DISCUSSION QUESTION

Boating trips.csv contains a dataset describing the number of boating trips of leisure boat owners. It contains the following variables:

Trips: number of boating trips in the survey year

Quality: respondent’s rating of the facility’s quality

Ski: whether the respondent engages in water-ski activities

Income: household income in $1000.

Userfee: has the respondent paid annual user fee to the destination

CostC: average expenditure ($) during a boat trip at lake C

CostS: average expenditure ($) during a boat trip at lake S

CostH: average expenditure ($) during a boat trip at lake H

 

(a) Plot histogram of the outcome variable (trips). Copy it here.

(b) Analyze potential multicollinearity issues of the X variables (all variables except for trips). Use threshold=10. What variables are eliminated?

(c) Run a poisson regression of the outcome variable (trips) on the remaining variables from (b). Which variable are significant predictors of trips at 0.05 level?

(d) How does the expected number of boating trips differ for owners who have paid annual user fees vs. those who haven’t?

(e) Run a negative binomial regression of the outcome variable (trips) on the same set of variables as in (c). Now what is the your answer to (d)?

(f) Which model provides better model fit? Poisson or negative binomial? Support your answer.

 

Part 2. Admdata.csv

Admdata.csv contains a dataset on admission outcomes of graduate school applicants. There are 4 variables in this dataset.

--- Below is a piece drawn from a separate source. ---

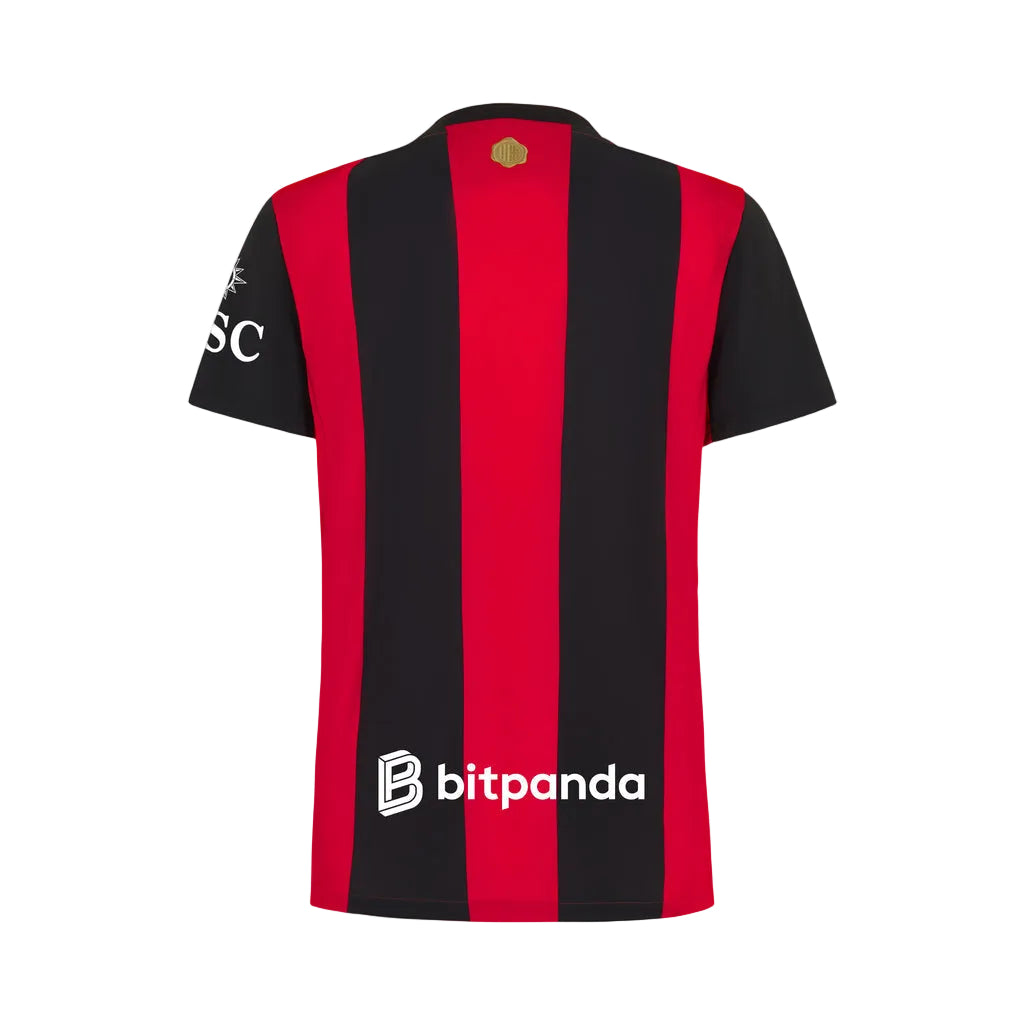 AC MILAN 26/27 HOME WOMEN JERSEY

Admit: =yes if the applicant is admitted

Gre: GRE score of the applicant

Gpa: GPA of the applicant

Rank: rank of the undergraduate institution of the applicant (Tier 1 is the highest and Tier 4 is the lowest).

(a) Tabulate the variable admit. What is the average probability of an applicant being admitted to a graduate program in this dataset?

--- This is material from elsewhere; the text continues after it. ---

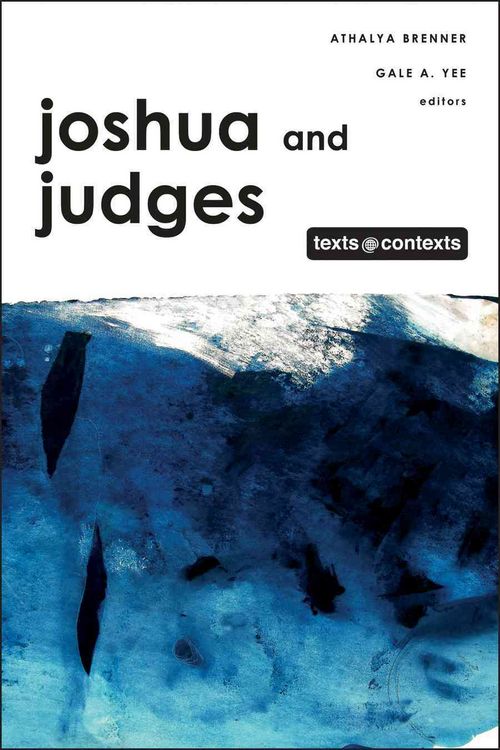 Produktbild: Joshua and Judges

(b) Run a logistic regression of the outcome variable (admit) on the other variables (gre, gpa, rank). Copy your results.

(c) Based on the estimation results, compare the odds of admission for applicants graduating from each tier of undergraduate institutions. (Hint: use Tier 1 as the base, explain whether the odds for Tier 2/3/4 is higher or lower, and by how much, respectively.)

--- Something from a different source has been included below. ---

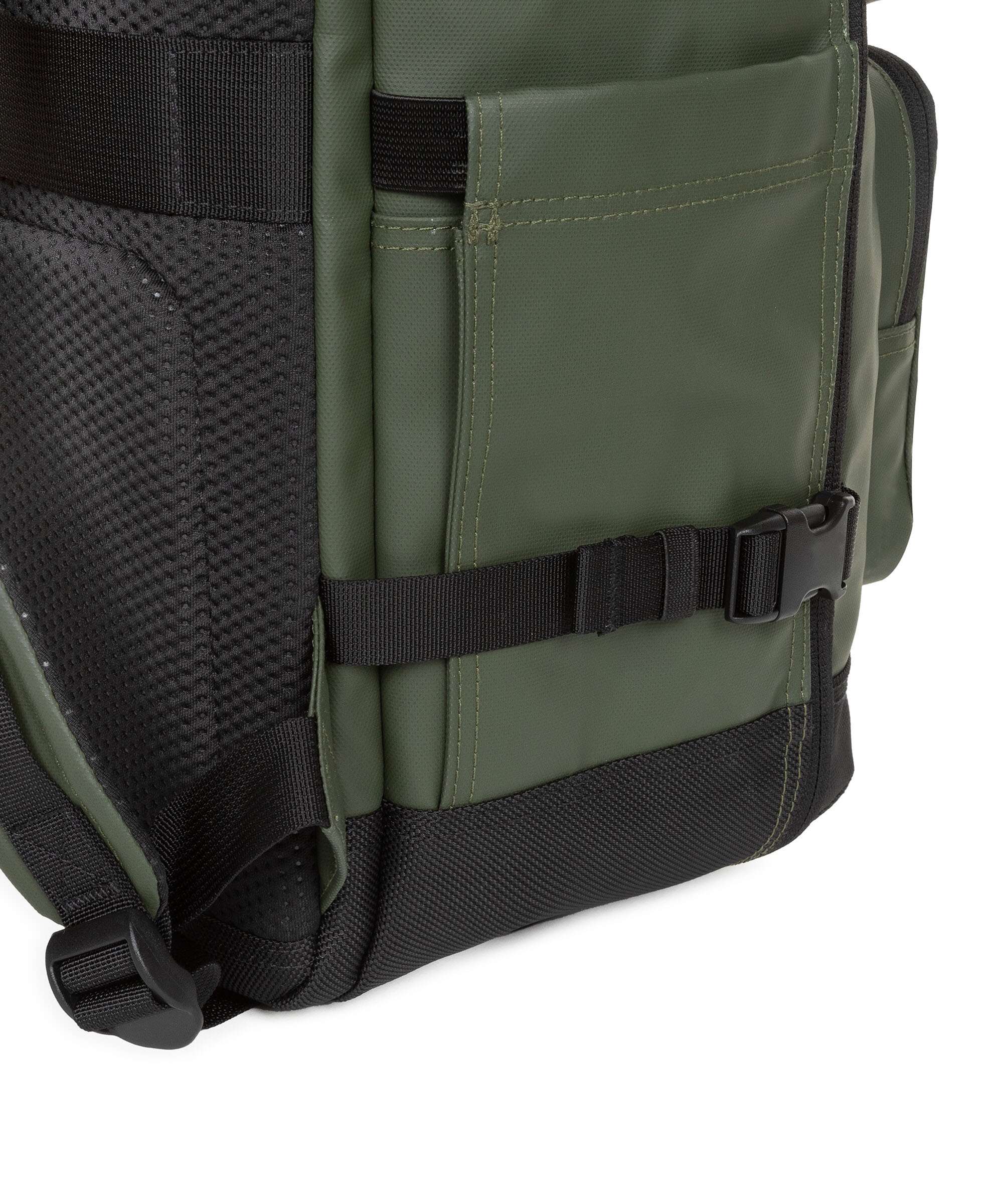 Eastpak CNNCT Tecum Cabin Sac à dos de voyage top khaki - Image 6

(d) Based on the model, what is the predicted admission probability for an applicant with GRE 720, GPA=3.85, who graduated from a Tier2 undergrad institution?

(e) Predict probabilities of admission for all applicants in the dataset. Use 0.5 as the cutoff to make predictions of admission status (yes vs. no). Copy the confusion matrix here. What is the accuracy of the model, and what are sensitivity and specificity of the model. What do you think about the model predictions? Are you satisfied or concerned, and why?

(f) Suppose you want to improve the sensitivity of the model, how would you adjust the cutoff, and why?